- [EXTRACTED DATA]:

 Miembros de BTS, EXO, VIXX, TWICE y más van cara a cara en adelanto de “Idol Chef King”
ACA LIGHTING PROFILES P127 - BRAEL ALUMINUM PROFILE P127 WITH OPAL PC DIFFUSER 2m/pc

...

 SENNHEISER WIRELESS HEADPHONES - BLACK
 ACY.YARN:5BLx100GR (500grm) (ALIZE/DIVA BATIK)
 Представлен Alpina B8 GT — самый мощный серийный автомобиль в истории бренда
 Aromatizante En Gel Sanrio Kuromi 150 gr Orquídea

- [TO DO]:
After locating the line with "Представлен Alpina B8" in the material above, return it and each line after it exactly, ending at the line with "Aromatizante En Gel".

- [TASK SOLUTION]:
 Представлен Alpina B8 GT — самый мощный серийный автомобиль в истории бренда
 Aromatizante En Gel Sanrio Kuromi 150 gr Orquídea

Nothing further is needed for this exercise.